::: Information given

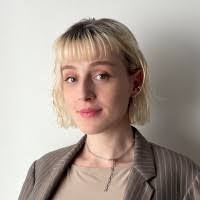 Linda Stern's Instagram, Twitter & Facebook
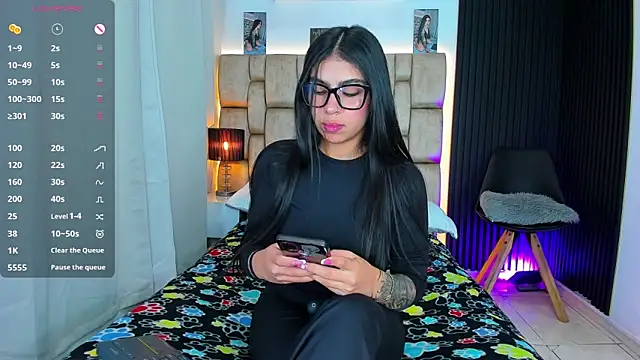 little sophie18 online show from November 16, 9:31 pm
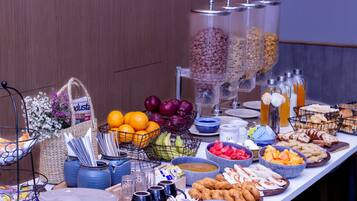 Desayuno bufé gratuito y diario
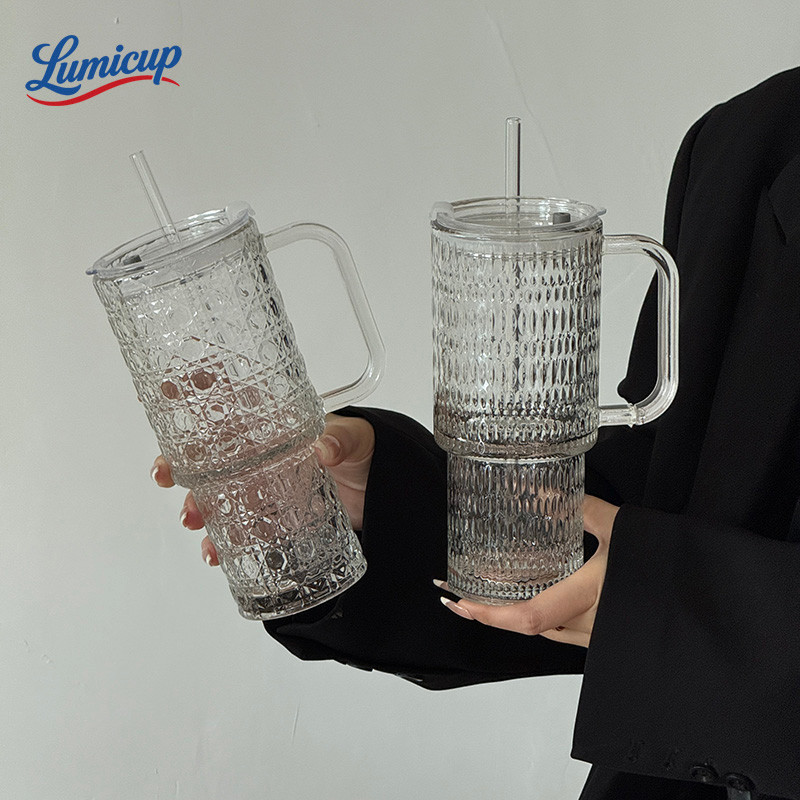 แก้วน้ำแก้วใสสไตล์วินเทจ 720ml มีหูจับ พร้อมฝา+หลอด แก้วกาแฟ/ชานม/น้ำผลไม้ ขนาดใหญ่ ทนร้อน-เย็น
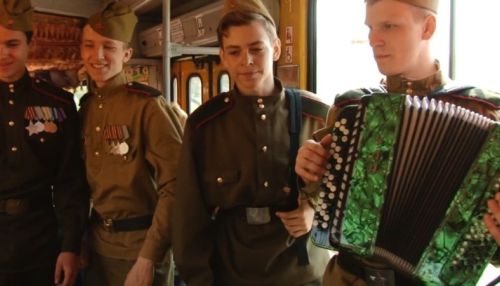 Барнаульцы покатались на Трамвае Победы накануне 9 мая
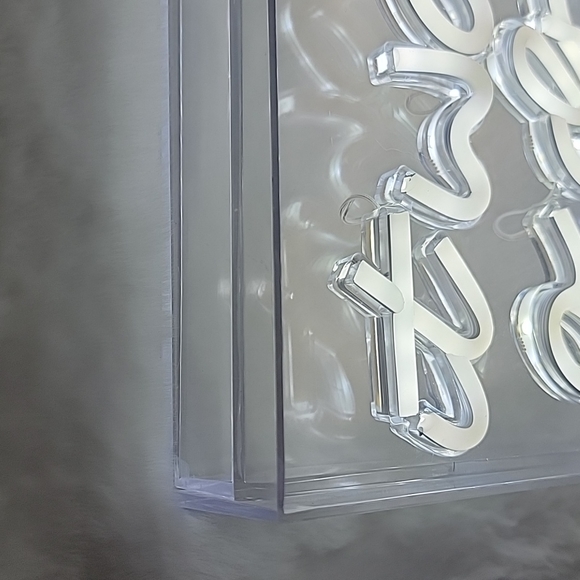 It Was All A Dream Neon Sign 7" x 12" x 2" - Picture 2 of 6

::::::

▶ [Action item] All entries must come back exactly as written, though without their pictures.

▶ [Response]
 Linda Stern's Instagram, Twitter & Facebook
 little sophie18 online show from November 16, 9:31 pm
 Desayuno bufé gratuito y diario
 แก้วน้ำแก้วใสสไตล์วินเทจ 720ml มีหูจับ พร้อมฝา+หลอด แก้วกาแฟ/ชานม/น้ำผลไม้ ขนาดใหญ่ ทนร้อน-เย็น
 Барнаульцы покатались на Трамвае Победы накануне 9 мая
 It Was All A Dream Neon Sign 7" x 12" x 2" - Picture 2 of 6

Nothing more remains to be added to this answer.